L’Osservatorio Nazionale Adolescenza Onlus racconta che in Italia circa il 18% dei giovani tra i 14 e i 19 anni intenta pratiche di autolesionismo. I dati raccontano che il fenomeno è precoce perché già il 20 dei ragazzi tra i 12 e i 14 anni lo pongono in essere. Solitamente chiuse le scuole e iniziate le vacanze la questione educativa va in soffitta, quasi fosse un tema di stagione come il caldo d’estate o il maltempo in autunno. Eppure le domande dei ragazzi non vanno in vacanza: nella fattispecie il fenomeno dell’autolesionismo è molto complesso e generalizzare è quanto meno rischioso.



Tuttavia ci sono due elementi che certamente sottolineano almeno un aspetto del problema: il primo elemento è il giudizio. Sembrerà strano sentirlo dire agli adulti, ma uno dei giudizi di fondo più ricorrenti nella vita di un adolescente è l’insicurezza relativa al fatto di meritare di vivere. Io non valgo, io faccio schifo, io non sono più all’altezza dell’affetto degli altri, sono uno sbaglio e devo essere punito. È incredibile come l’età della prima giovinezza sia molte volte attraversata dal bisogno di trasformare il proprio pregiudizio in gesto, la propria opinione su di sé in realtà. Il dolore auto-inflitto è considerato inconsciamente da molti come la giusta condanna per la verità che tutti sanno e che nessuno ammette: siamo una delusione, siamo un errore di natura, siamo una cocente sconfitta che non avrà nessuna possibilità di realizzarsi e di essere felice. I voti a scuola lo dimostrano, le chat degli amici lo dimostrano, i commentini che mi fanno lo dimostrano, il modo con cui papà e mamma si trattano fra di loro lo dimostrano, i tipi o le tipe con cui sto o con cui non riesco a stare lo dimostrano… è tutto inutile: io non ho diritto di vivere.

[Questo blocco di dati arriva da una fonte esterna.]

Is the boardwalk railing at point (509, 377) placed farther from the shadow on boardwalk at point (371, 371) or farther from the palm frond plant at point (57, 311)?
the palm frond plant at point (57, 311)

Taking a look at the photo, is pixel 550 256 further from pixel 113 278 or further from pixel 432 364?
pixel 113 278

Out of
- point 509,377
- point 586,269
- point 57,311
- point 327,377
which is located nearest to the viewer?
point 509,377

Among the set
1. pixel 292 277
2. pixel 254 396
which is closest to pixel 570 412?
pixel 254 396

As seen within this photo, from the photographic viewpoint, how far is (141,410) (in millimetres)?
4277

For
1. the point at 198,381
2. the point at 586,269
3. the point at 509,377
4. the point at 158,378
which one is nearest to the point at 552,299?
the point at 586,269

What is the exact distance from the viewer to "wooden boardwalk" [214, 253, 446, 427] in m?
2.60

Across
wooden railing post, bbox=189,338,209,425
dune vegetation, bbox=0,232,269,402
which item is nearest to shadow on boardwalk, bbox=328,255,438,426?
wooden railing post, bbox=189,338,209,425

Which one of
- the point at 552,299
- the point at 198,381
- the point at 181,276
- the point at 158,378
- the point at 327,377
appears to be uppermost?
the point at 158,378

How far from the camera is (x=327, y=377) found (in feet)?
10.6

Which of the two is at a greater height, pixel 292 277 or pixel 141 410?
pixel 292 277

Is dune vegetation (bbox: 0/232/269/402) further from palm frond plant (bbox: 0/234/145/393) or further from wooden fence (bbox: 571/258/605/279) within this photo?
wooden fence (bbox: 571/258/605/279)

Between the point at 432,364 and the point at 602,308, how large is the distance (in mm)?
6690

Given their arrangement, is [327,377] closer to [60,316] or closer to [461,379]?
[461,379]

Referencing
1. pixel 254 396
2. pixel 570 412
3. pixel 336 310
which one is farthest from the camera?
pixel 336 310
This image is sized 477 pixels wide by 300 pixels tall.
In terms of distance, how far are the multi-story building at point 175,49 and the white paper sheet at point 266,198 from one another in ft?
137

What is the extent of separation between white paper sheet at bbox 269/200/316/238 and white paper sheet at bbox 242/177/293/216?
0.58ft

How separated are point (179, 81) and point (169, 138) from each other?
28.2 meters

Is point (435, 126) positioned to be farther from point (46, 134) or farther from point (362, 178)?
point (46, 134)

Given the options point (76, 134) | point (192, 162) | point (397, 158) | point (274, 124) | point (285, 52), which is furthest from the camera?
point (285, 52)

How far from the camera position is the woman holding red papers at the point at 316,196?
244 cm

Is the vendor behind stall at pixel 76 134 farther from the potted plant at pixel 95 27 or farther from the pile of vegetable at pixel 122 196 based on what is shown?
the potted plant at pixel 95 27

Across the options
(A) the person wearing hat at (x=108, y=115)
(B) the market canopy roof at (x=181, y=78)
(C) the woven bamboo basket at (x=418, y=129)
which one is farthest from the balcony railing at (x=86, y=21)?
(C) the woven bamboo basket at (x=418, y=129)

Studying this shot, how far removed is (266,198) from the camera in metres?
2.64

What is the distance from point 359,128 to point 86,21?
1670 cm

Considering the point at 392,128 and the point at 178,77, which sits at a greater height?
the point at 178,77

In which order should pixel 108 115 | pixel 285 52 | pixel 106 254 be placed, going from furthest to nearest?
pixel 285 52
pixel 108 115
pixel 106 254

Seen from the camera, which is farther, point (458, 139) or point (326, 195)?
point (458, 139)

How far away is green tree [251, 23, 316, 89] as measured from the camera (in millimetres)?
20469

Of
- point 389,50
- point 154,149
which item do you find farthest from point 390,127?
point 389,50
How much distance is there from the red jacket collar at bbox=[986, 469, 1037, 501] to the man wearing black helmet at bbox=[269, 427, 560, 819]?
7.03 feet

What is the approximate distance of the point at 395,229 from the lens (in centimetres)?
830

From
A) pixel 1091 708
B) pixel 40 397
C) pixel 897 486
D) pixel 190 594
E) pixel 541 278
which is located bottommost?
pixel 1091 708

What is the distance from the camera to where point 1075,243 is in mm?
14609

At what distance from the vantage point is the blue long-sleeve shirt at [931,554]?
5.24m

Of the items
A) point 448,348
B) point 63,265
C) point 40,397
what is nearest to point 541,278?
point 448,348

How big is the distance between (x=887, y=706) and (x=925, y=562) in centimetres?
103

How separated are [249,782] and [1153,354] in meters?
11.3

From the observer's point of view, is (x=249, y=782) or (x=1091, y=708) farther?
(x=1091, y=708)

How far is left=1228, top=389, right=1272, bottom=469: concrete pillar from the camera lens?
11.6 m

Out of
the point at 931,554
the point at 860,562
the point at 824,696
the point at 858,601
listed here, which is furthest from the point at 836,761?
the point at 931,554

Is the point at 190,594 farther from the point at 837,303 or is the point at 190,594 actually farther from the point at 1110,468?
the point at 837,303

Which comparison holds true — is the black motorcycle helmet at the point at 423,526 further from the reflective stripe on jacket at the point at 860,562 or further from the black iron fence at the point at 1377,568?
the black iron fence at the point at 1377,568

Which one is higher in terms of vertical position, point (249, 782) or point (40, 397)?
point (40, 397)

C’è poi un altro pensiero, forse più inquietante, che emerge in alcuni casi di autolesionismo: io, ragazza (soprattutto) o ragazzo, ho un gran bisogno di essere toccato da qualcuno, di qualcosa che toccandomi mi restituisca la percezione anche corporea e fisica del mio esserci, del vivere dentro ad un confine che è il mio posto, il mio luogo, la mia casa. Insicurezza del bene, assenza di contatti, bisogno di casa: come può essere questa la cifra dei ragazzi dei nostri giorni così al centro delle nostre attenzioni e così guardati dai genitori?

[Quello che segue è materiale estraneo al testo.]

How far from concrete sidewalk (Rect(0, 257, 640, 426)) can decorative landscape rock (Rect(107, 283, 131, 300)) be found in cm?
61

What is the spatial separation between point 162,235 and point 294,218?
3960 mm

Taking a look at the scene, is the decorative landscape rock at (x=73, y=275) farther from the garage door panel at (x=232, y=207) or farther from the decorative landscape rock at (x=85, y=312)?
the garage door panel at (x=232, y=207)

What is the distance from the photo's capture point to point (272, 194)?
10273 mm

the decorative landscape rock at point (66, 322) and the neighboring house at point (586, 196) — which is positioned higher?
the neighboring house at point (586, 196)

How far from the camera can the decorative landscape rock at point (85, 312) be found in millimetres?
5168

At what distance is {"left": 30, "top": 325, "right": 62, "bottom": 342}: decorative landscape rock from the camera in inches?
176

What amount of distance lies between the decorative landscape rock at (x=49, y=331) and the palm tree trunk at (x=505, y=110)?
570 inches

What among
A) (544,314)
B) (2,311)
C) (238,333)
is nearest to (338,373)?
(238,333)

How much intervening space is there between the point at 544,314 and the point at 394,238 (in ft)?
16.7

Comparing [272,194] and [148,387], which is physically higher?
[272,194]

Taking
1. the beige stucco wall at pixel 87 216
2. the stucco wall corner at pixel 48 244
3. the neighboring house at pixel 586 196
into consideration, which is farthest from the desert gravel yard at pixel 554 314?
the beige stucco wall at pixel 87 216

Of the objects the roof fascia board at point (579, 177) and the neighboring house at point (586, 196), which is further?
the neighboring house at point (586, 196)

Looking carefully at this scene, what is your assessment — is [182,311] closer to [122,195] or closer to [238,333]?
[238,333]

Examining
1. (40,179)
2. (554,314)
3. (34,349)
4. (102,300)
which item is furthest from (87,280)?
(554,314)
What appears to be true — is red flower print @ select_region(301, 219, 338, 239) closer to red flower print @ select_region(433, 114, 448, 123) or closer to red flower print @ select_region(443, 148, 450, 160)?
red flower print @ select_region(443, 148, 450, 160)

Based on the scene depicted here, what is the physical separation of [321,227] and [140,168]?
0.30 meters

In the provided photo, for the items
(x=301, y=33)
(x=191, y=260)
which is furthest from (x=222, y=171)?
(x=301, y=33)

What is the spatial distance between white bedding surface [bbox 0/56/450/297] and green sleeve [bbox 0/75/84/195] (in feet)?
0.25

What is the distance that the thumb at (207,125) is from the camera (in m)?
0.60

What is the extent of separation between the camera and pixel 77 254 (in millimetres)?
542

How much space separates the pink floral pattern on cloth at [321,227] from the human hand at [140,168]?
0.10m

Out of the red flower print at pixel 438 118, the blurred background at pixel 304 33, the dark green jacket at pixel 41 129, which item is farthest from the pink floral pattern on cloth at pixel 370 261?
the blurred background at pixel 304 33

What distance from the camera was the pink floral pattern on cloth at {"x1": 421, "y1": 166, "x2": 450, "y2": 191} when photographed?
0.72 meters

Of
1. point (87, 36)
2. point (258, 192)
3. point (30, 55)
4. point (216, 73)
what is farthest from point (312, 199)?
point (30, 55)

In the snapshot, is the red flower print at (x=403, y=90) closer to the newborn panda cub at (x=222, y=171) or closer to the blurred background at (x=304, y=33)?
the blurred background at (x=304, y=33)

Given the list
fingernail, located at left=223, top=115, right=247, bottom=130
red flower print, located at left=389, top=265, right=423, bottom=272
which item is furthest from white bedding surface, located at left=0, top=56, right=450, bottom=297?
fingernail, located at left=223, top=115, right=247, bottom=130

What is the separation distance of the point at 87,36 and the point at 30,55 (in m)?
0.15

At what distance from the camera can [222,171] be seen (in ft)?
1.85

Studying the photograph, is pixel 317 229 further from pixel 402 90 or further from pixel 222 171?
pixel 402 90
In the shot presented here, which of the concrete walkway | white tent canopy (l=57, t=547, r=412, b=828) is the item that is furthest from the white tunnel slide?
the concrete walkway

Il punto è proprio qui: in questa abbondanza di sguardi e di conferme, dove comincia lo spazio del rischio, il tempo della mia libertà? Che speranza ho (sì, speranza!) di poter soffrire? Q uando la vita potrà cominciare sul serio ad essere mia, nel senso proprio di “conquista personale” delle certezze del vivere? È proprio la mancanza di dolore a generarne la necessità, è proprio il non esserci del rischio a richiamare una vita rischiosa. Tis de bios ater patros, si domanda il poeta greco Mimnermo: che vita è senza un padre? Che nostalgia del padre della parabola del Figliol Prodigo: un genitore che non teme di rischiare tutto perché il figlio abbia uno spazio di vera libertà, un genitore che non s’impiccia della vita del figlio, che non vive i problemi del figlio come un proprio problema. Un genitore che guarda da lontano. E, semplicemente ma drammaticamente, aspetta. Che la gioia e il dolore, che l’esperienza stessa, impartiscano i loro insegnamenti a coloro che devono diventare grandi. Prima che cerchino il dolore da soli, prima che pensino che la vita sia stata un caso, una coincidenza, qualcosa di ricorrente come la canicola dell’estate. Destinata a passare, fino al prossimo inverno.